= Ratner's theorems =

In mathematics, Ratner's theorems are a group of major theorems in ergodic theory concerning unipotent flows on homogeneous spaces proved by Marina Ratner around 1990. The theorems grew out of Ratner's earlier work on horocycle flows. The study of the dynamics of unipotent flows played a decisive role in the proof of the Oppenheim conjecture by Grigory Margulis. Ratner's theorems have guided key advances in the understanding of the dynamics of unipotent flows. Their later generalizations provide ways to both sharpen the results and extend the theory to the setting of arbitrary semisimple algebraic groups over a local field.

== Short description ==
The Ratner orbit closure theorem asserts that the closures of orbits of unipotent flows on the quotient of a Lie group by a lattice are nice, geometric subsets. The Ratner equidistribution theorem further asserts that each such orbit is equidistributed in its closure. The Ratner measure classification theorem is the weaker statement that every ergodic invariant probability measure is homogeneous, or algebraic: this turns out to be an important step towards proving the more general equidistribution property. There is no universal agreement on the names of these theorems: they are variously known as the "measure rigidity theorem", the "theorem on invariant measures" and its "topological version", and so on.

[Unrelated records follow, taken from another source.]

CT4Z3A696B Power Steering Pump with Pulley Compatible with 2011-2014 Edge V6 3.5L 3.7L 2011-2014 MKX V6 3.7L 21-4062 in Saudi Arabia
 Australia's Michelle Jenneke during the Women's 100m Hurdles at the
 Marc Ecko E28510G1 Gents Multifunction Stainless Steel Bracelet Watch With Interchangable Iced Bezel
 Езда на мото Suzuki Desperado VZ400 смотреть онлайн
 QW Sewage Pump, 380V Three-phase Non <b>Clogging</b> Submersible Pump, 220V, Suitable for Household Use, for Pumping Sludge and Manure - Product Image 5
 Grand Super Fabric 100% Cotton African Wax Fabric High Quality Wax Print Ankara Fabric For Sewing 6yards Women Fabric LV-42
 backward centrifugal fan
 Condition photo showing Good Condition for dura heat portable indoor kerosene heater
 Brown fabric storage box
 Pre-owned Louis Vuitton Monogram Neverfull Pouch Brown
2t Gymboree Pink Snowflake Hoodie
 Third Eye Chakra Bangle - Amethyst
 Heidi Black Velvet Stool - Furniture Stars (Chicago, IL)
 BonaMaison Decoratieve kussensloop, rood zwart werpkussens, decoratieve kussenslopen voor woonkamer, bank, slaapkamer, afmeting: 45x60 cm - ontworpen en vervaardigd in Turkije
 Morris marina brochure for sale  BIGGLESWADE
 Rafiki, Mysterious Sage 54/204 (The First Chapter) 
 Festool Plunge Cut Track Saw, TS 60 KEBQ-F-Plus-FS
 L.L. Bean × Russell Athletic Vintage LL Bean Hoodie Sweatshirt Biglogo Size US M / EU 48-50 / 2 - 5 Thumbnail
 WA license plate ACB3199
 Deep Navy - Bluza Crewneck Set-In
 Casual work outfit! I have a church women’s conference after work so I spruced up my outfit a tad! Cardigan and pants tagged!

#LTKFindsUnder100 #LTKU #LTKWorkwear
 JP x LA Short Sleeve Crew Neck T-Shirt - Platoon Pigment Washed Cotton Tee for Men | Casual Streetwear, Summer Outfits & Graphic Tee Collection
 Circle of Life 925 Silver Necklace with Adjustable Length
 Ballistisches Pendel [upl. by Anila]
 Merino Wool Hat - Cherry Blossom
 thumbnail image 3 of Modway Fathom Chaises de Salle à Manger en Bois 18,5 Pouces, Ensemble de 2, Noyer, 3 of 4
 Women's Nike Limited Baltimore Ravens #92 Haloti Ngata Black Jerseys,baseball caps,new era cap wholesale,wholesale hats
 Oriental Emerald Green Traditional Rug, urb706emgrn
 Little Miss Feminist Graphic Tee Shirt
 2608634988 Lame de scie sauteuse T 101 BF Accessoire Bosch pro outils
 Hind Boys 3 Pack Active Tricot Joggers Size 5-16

The formal statement of such a result is as follows. Let $G$ be a Lie group, $\mathit{\Gamma}$ a lattice in $G$, and $u^t$ a one-parameter subgroup of $G$ consisting of unipotent elements, with the associated flow $\phi_t$ on $\mathit{\Gamma} \setminus G$. Then the closure of every orbit $\left\{ xu^t \right\}$ of $\phi_t$ is homogeneous. This means that there exists a connected, closed subgroup $S$ of $G$ such that the image of the orbit $\, xS \,$ for the action of $S$ by right translations on $G$ under the canonical projection to $\mathit{\Gamma} \setminus G$ is closed, has a finite $S$-invariant measure, and contains the closure of the $\phi_t$-orbit of $x$ as a dense subset.

===Example: $SL_2(\mathbb R)$===
The simplest case to which the statement above applies is $G = SL_2(\mathbb R)$. In this case it takes the following more explicit form; let $\Gamma$ be a lattice in $SL_2(\mathbb R)$ and $F \subset \Gamma \backslash G$ a closed subset which is invariant under all maps $\Gamma g \mapsto \Gamma (gu_t)$ where $$u_t = \begin{pmatrix} 1 & t \\ 0 & 1 \end{pmatrix}$$. Then either there exists an $x \in \Gamma \backslash G$ such that $F = xU$ (where $U = \{u_t, t \in \mathbb R\}$) or $F = \Gamma \backslash G$.

In geometric terms $\Gamma$ is a cofinite Fuchsian group, so the quotient $M = \Gamma \backslash \mathbb H^2$ of the hyperbolic plane by $\Gamma$ is a hyperbolic orbifold of finite volume. The theorem above implies that every horocycle of $\mathbb H^2$ has an image in $M$ which is either a closed curve (a horocycle around a cusp of $M$) or dense in $M$.